Most scientists working in the biological sciences or an overlapping field have encountered various ways of identifying genes and proteins. There are many different types of identifiers. For example, searching for the PDB ID: 2IW3 (which represents elongation factor 3 in yeast strain S288C) on UniProt gives us a results column labeled “Gene names” that includes no less than six (!) ways to refer to the gene that produces this particular protein. This can be frustrating – it is easy to get into trouble when you think you have a consistent gene naming scheme when you do not, especially if you want to cross-reference gene lists.
It is not my intention to attempt to unify these different naming schemes. This would certainly just result in a seventh convention floating around to increased general confusion.
Instead, I will be telling you about my favorite naming convention: the Open Reading Frame (ORF) nomenclature. These seven-character identifiers of the type “YLR249W” provide the address of a gene within the genome of a specific organism.
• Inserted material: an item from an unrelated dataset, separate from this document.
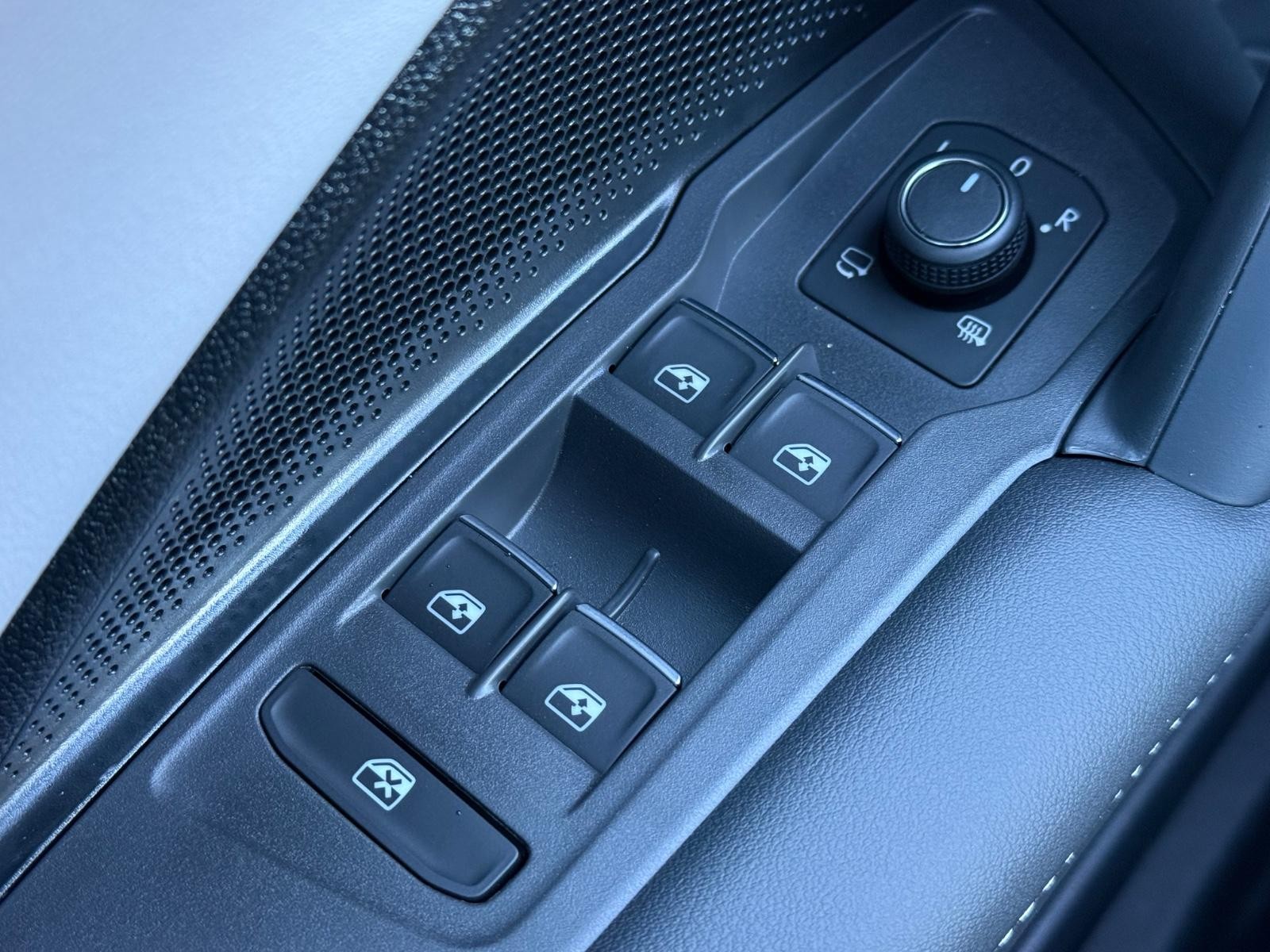 Volkswagen Tiguan Vehicle Image 15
Character 1: a single letter telling you in this case that we are referring to yeast
Character 2: a single letter referring to the chromosome on which this gene can be found. Yeast contains chrI, chrII, …, chrXVI which are denoted A, B, …, P. So, in the example of YLR249W we now know that we have a yeast ORF on chromosome XII.
Character 3: L or R, denoting the left and right arms of the chromosome. Continuing our example, our ORF is in yeast chromosome XII’s right arm
Characters 4-6: these three characters tell us the ORF number within this chromosome. We can now say that we are looking at ORF 249 in yeast chromosome XII’s right arm.
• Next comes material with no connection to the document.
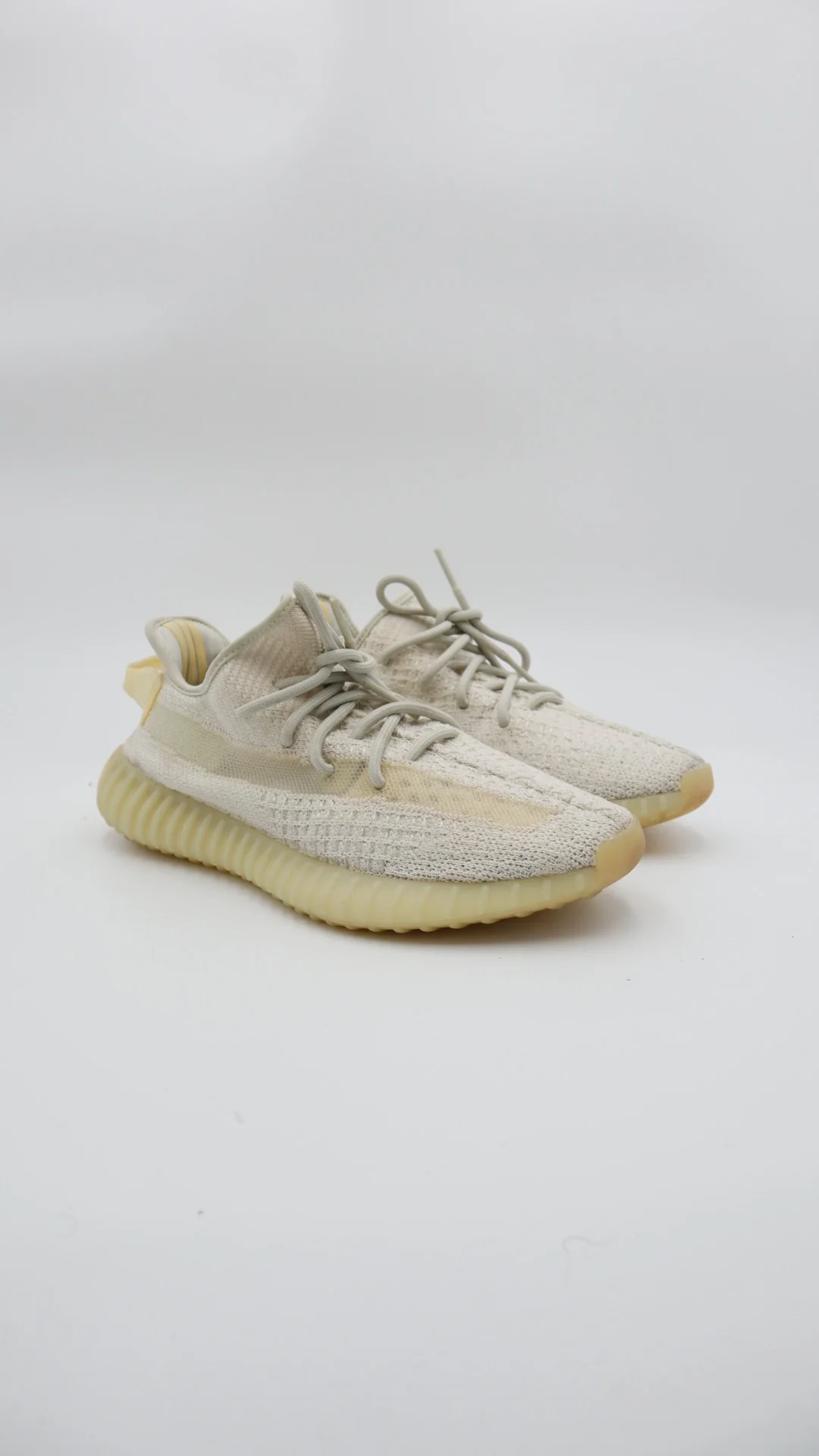Yeezy 350 Light  - Imagen 1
Character 7: W or C for Watson or Crick, referring to the chromosome strand on which this ORF is found. The Watson strand refers to the 5′ – 3′ direction strand while the Crick strand is 3′ – 5′. We now have a complete gene address: the 249th ORF on the right arm of yeast chromosome XII on the Watson strand.
These ORF identifiers provide a surprising amount of information given their compact format that can be read out in plain English with some practice. One shortcoming is that they do not provide information on the function of the gene, while the gene name (for our example it’s YEF3) in some cases but not all contains at least a hint of functional information.